How Federal Dollars Are Financing the Water Crisis
State Route 87, the thin band of pavement that approaches the mostly shuttered town of Coolidge, Ariz., cuts through some of the least hospitable land in the country. The valley of red and brown sand is interrupted occasionally by rock and saguaro cactus. It’s not unusual for summer temperatures to top 116 degrees. And there is almost no water; this part of Arizona receives less than nine inches of rainfall each year.

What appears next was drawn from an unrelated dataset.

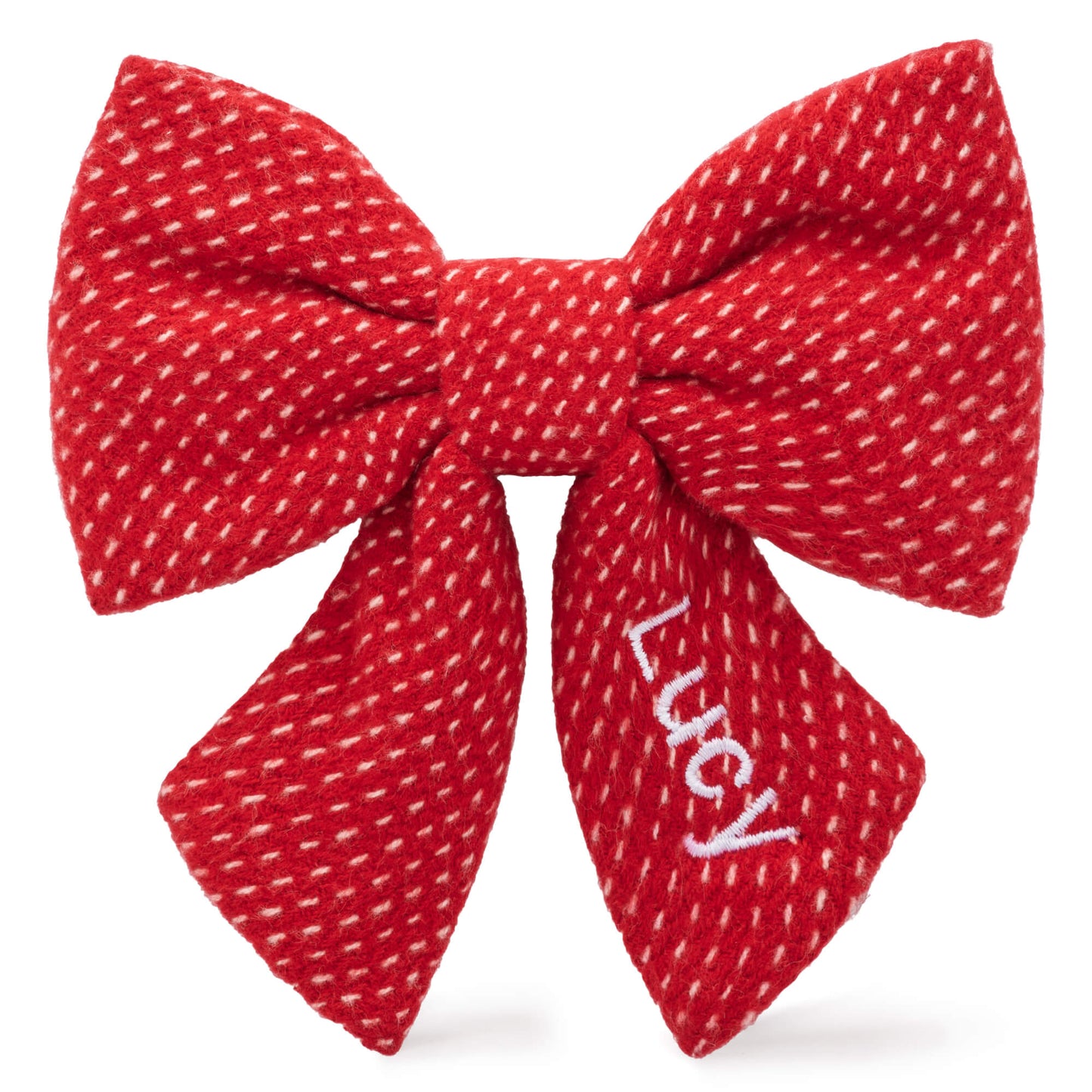 Berry Stitch Flannel Lady Dog Bow from The Foggy Dog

Then Route 87 tacks left and the dead landscape springs to life. Barren roadside is replaced by thousands of acres of cotton fields, their bright, leafy green stalks and white, puffy bolls in neat rows that unravel for miles. It’s a vision of bounty where it would be least expected. Step into the hip-high cotton shrubs, with the soft, water-soaked dirt giving way beneath your boot soles, the bees buzzing in your ears, the pungent odor of the plants in your nostrils, and you might as well be in Georgia.
Getting plants to grow in the Sonoran Desert is made possible by importing billions of gallons of water each year. Cotton is one of the thirstiest crops in existence, and each acre cultivated here demands six times as much water as lettuce, 60 percent more than wheat. That precious liquid is pulled from a nearby federal reservoir, siphoned from beleaguered underground aquifers and pumped in from the Colorado River hundreds of miles away. Greg Wuertz has been farming cotton on these fields since 1981, and before him, his father and grandfather did the same. His family is part of Arizona’s agricultural royalty. His father was a board member of the Central Arizona Water Conservation District for nearly two decades. Wuertz has served as president of several of the most important cotton organizations in the state.